- [Instructions for the task]: No pictures should be carried over. Output all other parts of the entries verbatim.

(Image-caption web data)
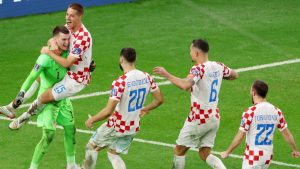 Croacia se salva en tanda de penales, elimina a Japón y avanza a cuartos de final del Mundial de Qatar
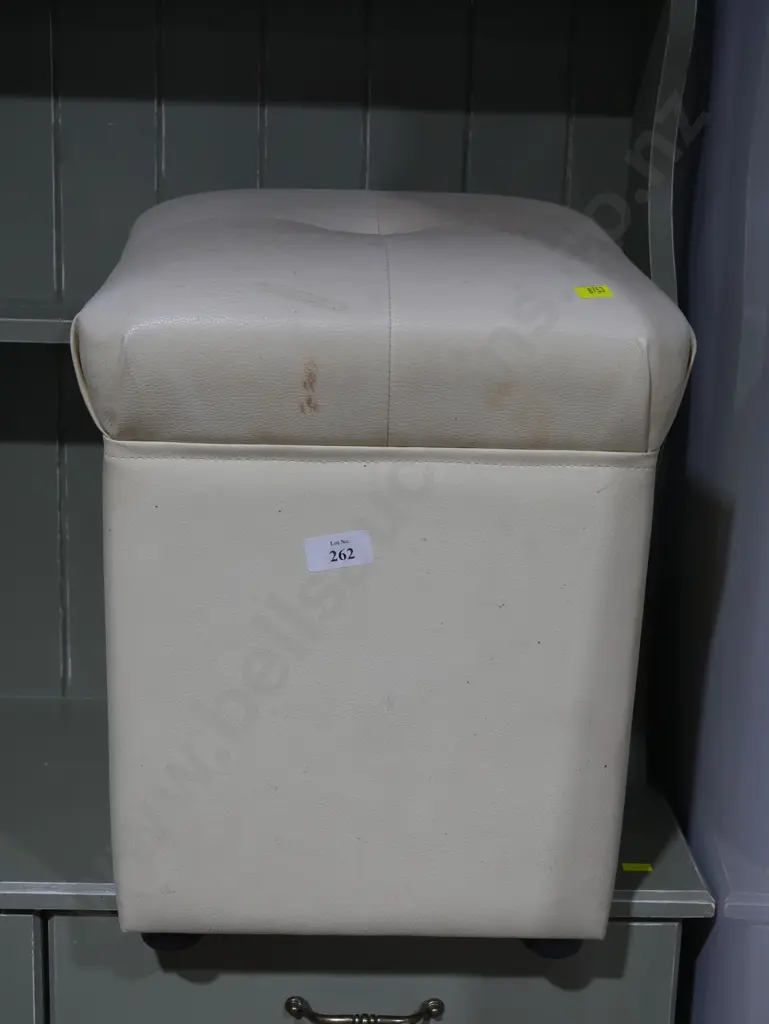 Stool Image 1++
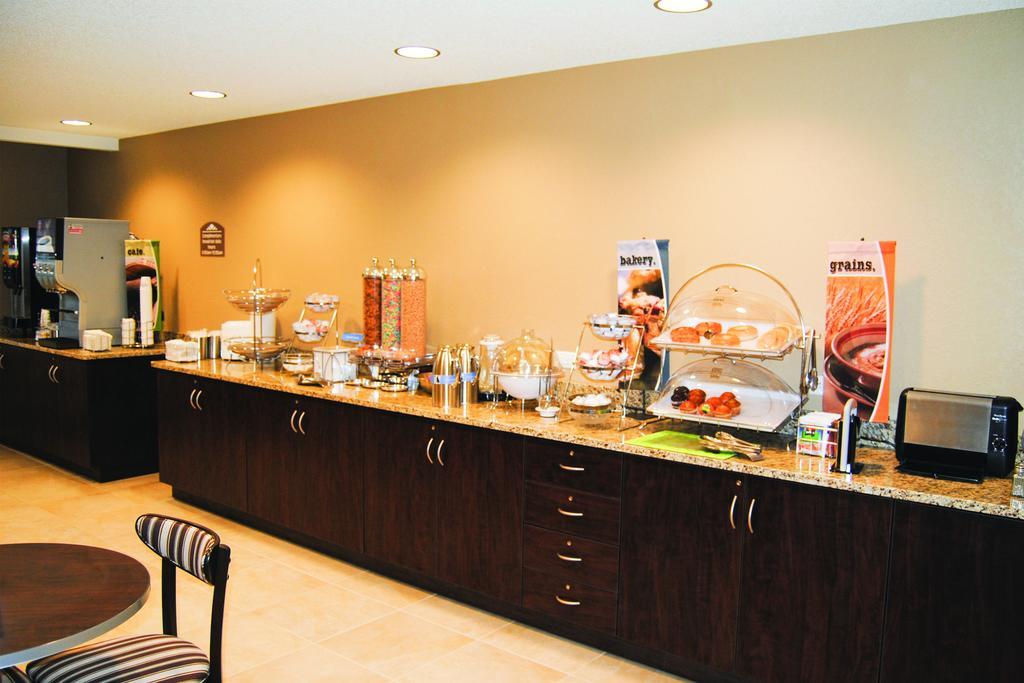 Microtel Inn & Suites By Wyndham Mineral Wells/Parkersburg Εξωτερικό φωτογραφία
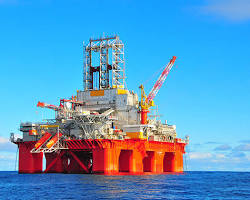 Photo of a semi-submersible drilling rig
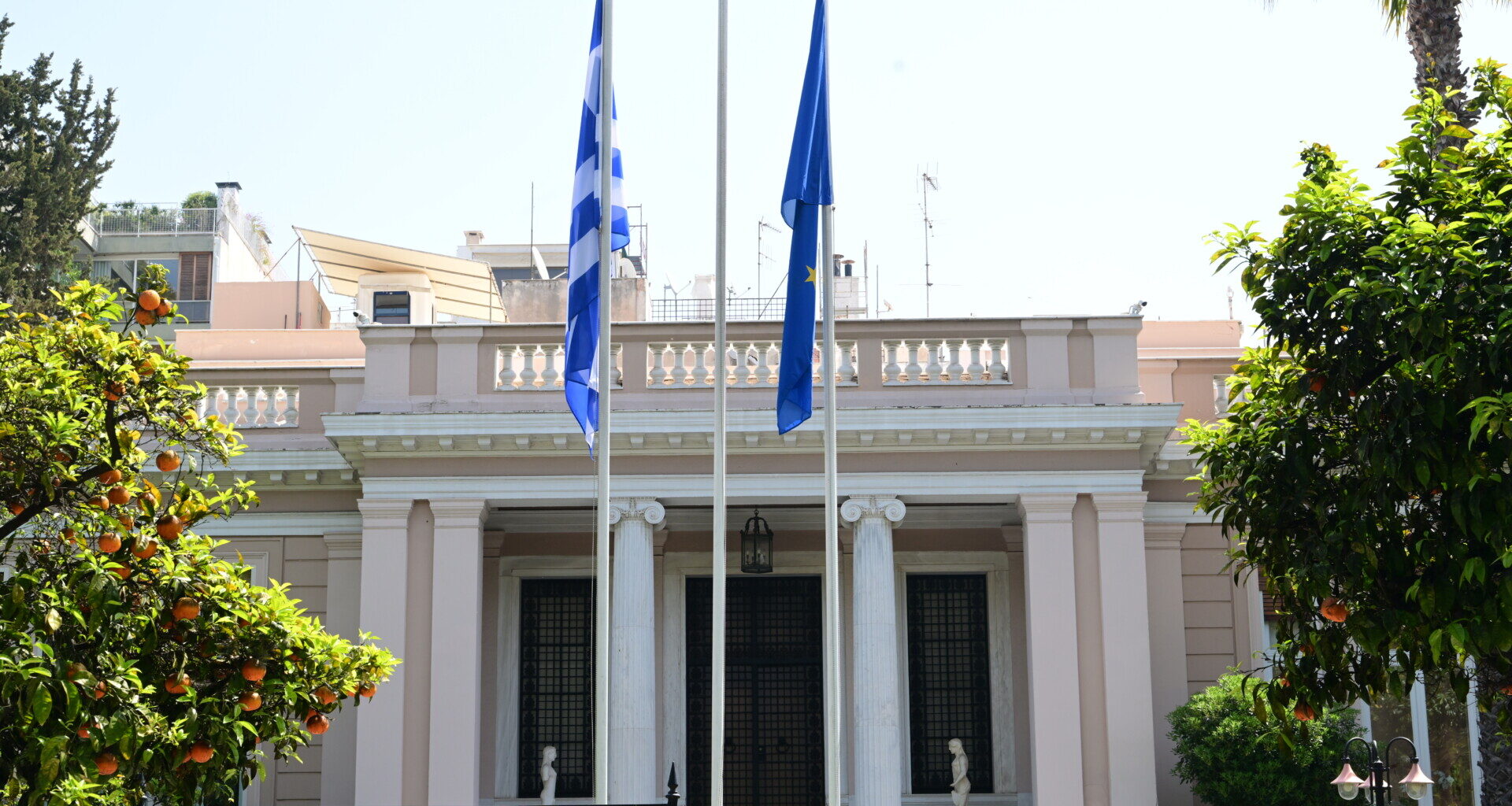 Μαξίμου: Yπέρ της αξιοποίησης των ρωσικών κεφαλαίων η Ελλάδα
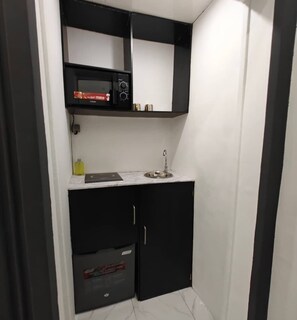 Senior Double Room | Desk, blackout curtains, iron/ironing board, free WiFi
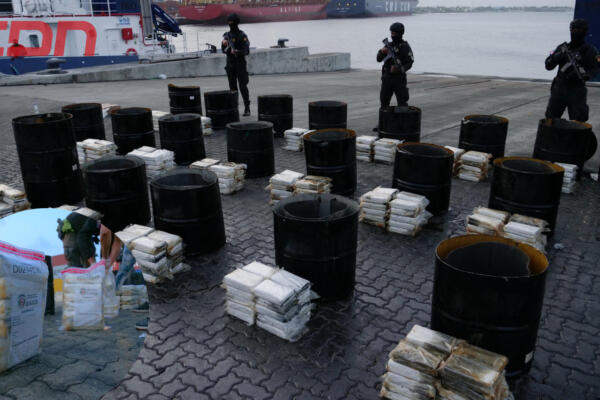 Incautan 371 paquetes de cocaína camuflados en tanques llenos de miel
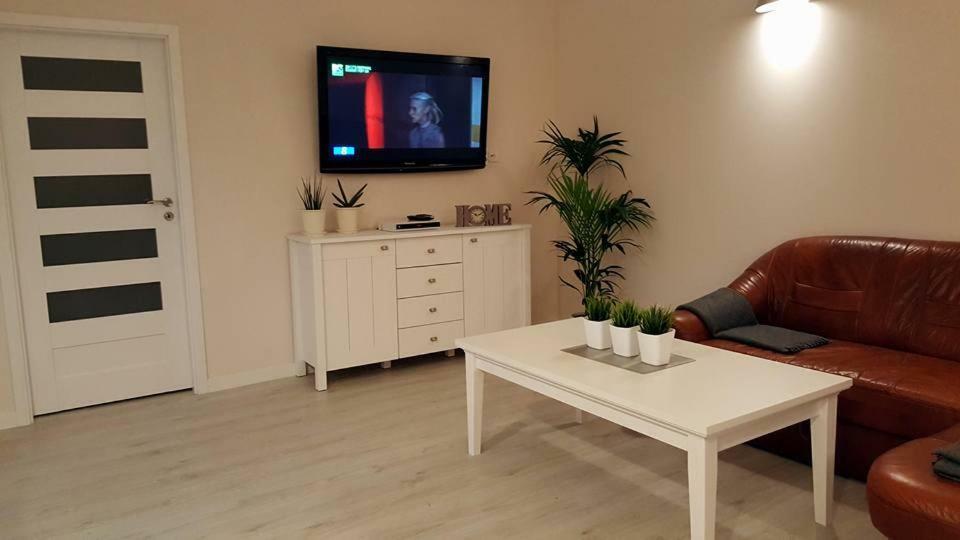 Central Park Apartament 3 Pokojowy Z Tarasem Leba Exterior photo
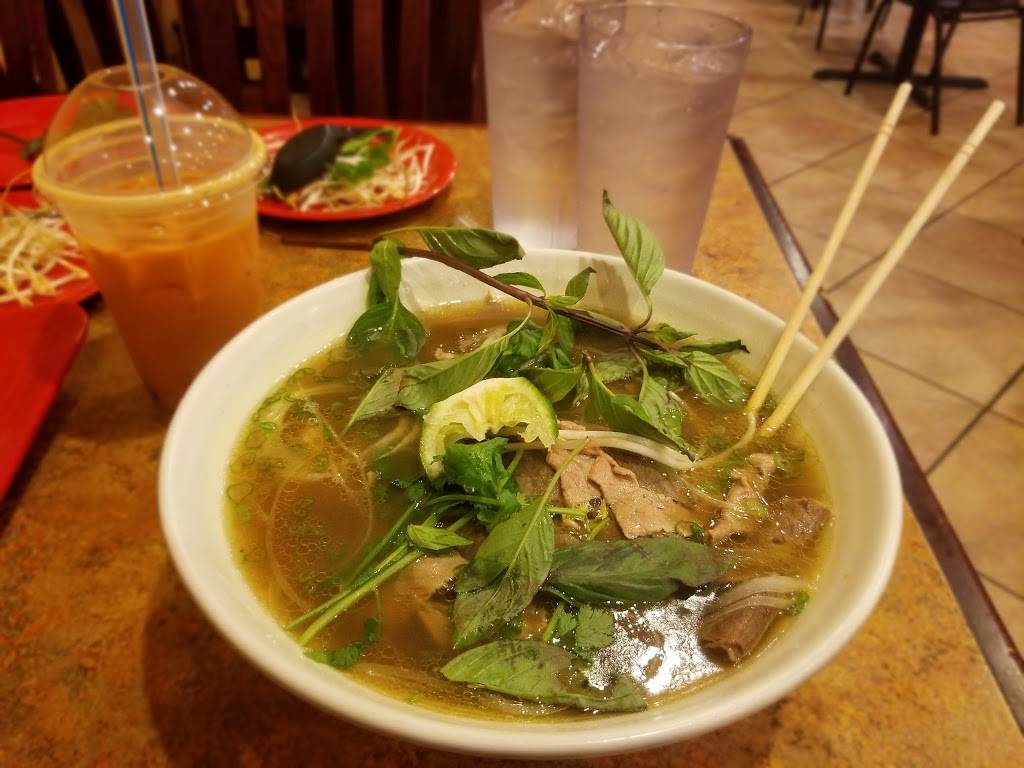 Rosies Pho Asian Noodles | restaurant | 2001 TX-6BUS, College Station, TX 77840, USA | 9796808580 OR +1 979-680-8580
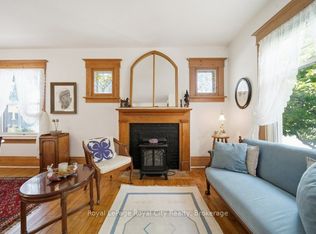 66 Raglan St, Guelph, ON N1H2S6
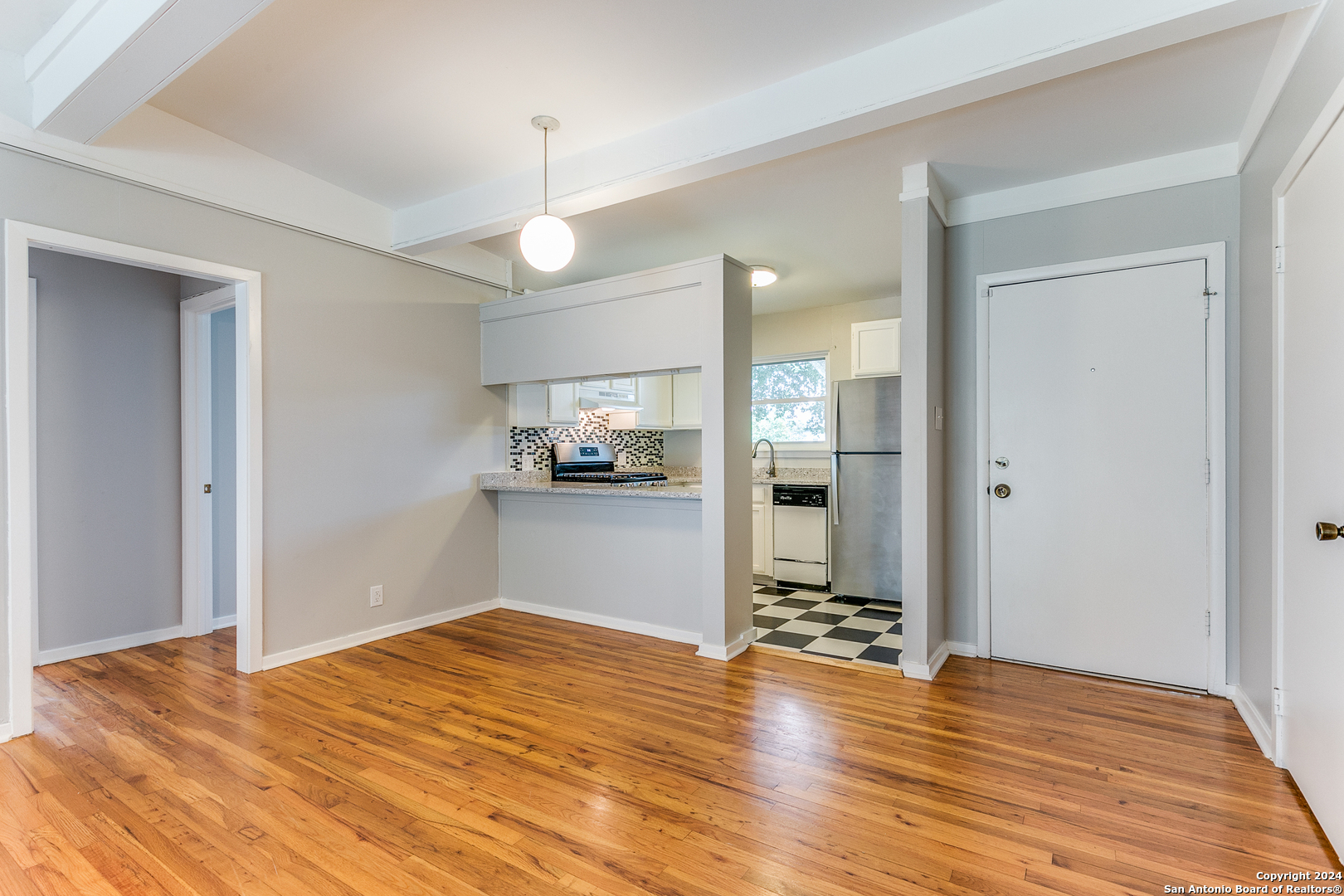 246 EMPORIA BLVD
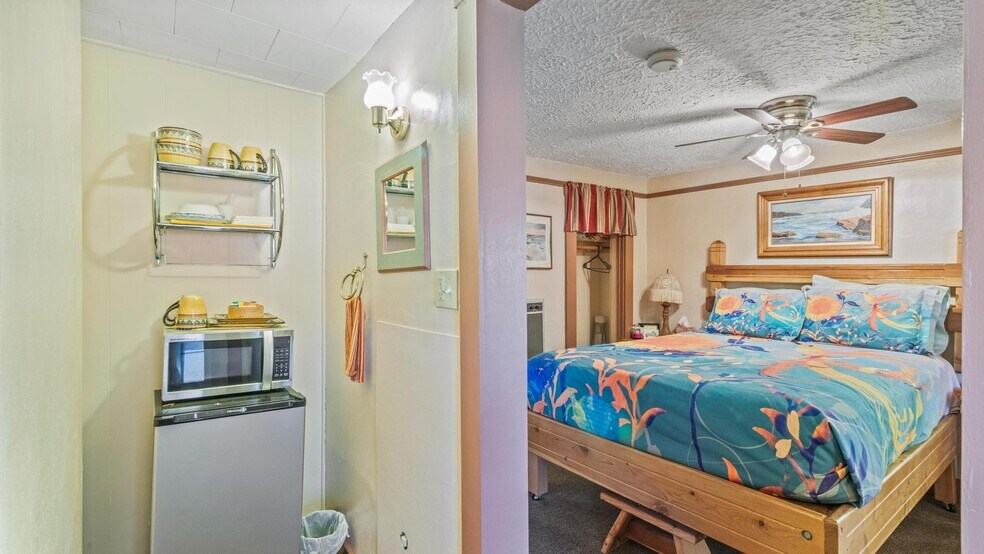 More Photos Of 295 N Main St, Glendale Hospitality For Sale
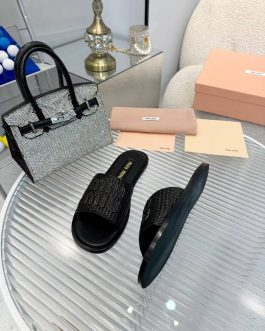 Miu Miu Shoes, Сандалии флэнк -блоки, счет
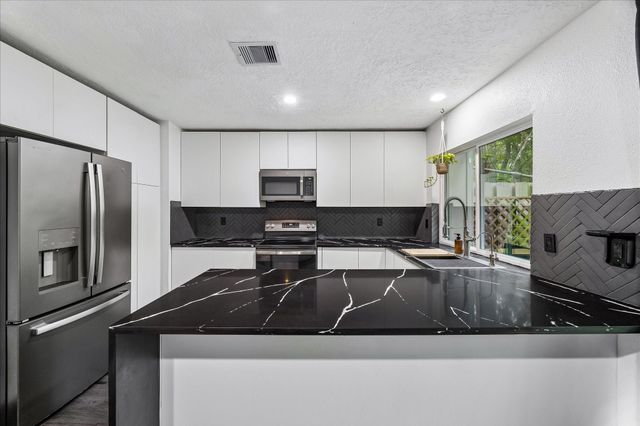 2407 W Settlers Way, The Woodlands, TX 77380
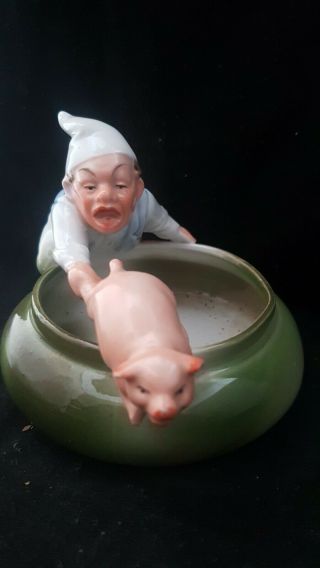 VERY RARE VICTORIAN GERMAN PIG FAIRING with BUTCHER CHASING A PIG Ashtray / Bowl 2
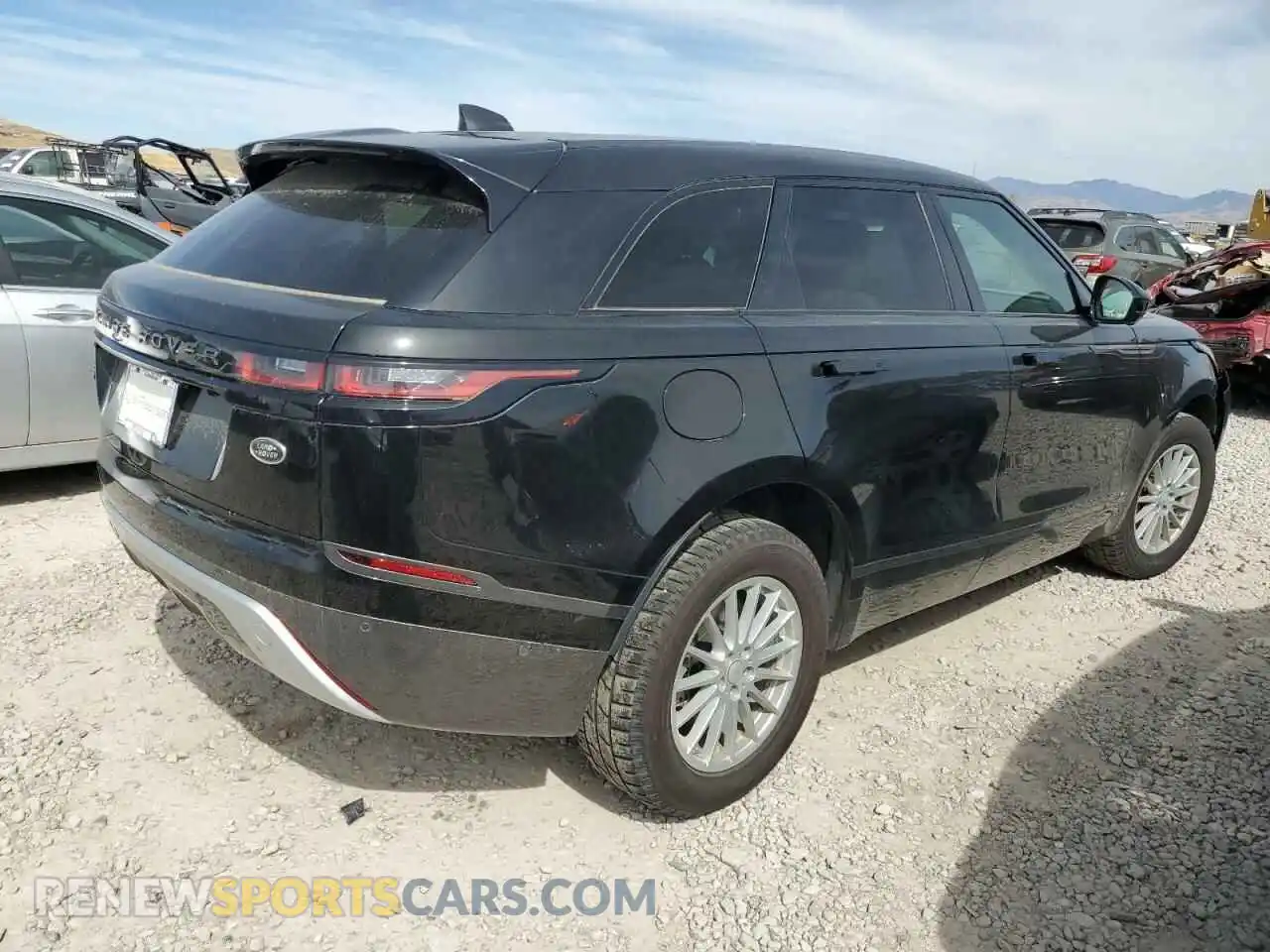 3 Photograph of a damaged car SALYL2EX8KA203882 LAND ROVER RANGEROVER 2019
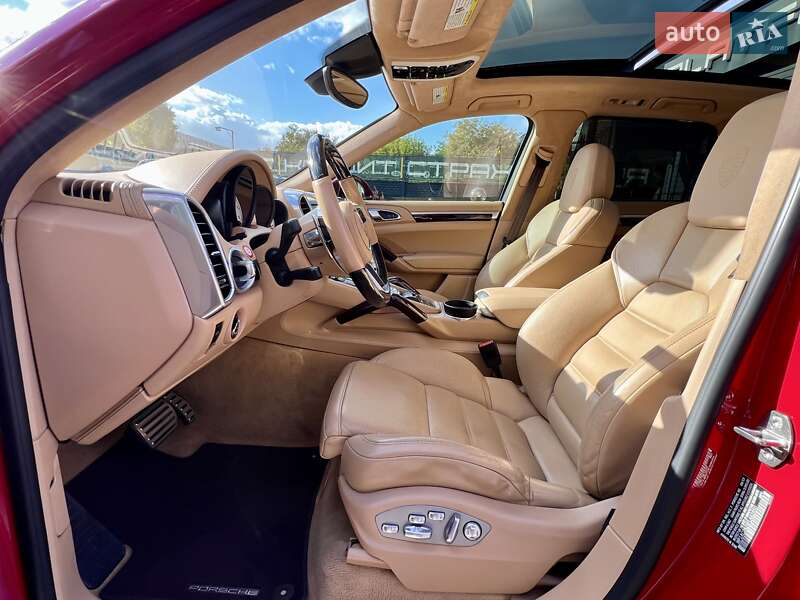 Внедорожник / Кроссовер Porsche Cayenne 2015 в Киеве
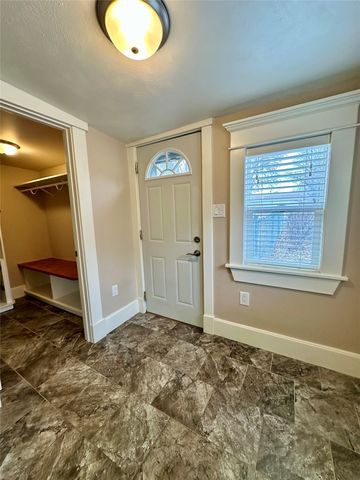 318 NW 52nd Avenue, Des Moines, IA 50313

- [Exercise output]:
 Croacia se salva en tanda de penales, elimina a Japón y avanza a cuartos de final del Mundial de Qatar
 Stool Image 1++
 Microtel Inn & Suites By Wyndham Mineral Wells/Parkersburg Εξωτερικό φωτογραφία
 Photo of a semi-submersible drilling rig
 Μαξίμου: Yπέρ της αξιοποίησης των ρωσικών κεφαλαίων η Ελλάδα
 Senior Double Room | Desk, blackout curtains, iron/ironing board, free WiFi
 Incautan 371 paquetes de cocaína camuflados en tanques llenos de miel
 Central Park Apartament 3 Pokojowy Z Tarasem Leba Exterior photo
 Rosies Pho Asian Noodles | restaurant | 2001 TX-6BUS, College Station, TX 77840, USA | 9796808580 OR +1 979-680-8580
 66 Raglan St, Guelph, ON N1H2S6
 246 EMPORIA BLVD
 More Photos Of 295 N Main St, Glendale Hospitality For Sale
 Miu Miu Shoes, Сандалии флэнк -блоки, счет
 2407 W Settlers Way, The Woodlands, TX 77380
 VERY RARE VICTORIAN GERMAN PIG FAIRING with BUTCHER CHASING A PIG Ashtray / Bowl 2
 3 Photograph of a damaged car SALYL2EX8KA203882 LAND ROVER RANGEROVER 2019
 Внедорожник / Кроссовер Porsche Cayenne 2015 в Киеве
 318 NW 52nd Avenue, Des Moines, IA 50313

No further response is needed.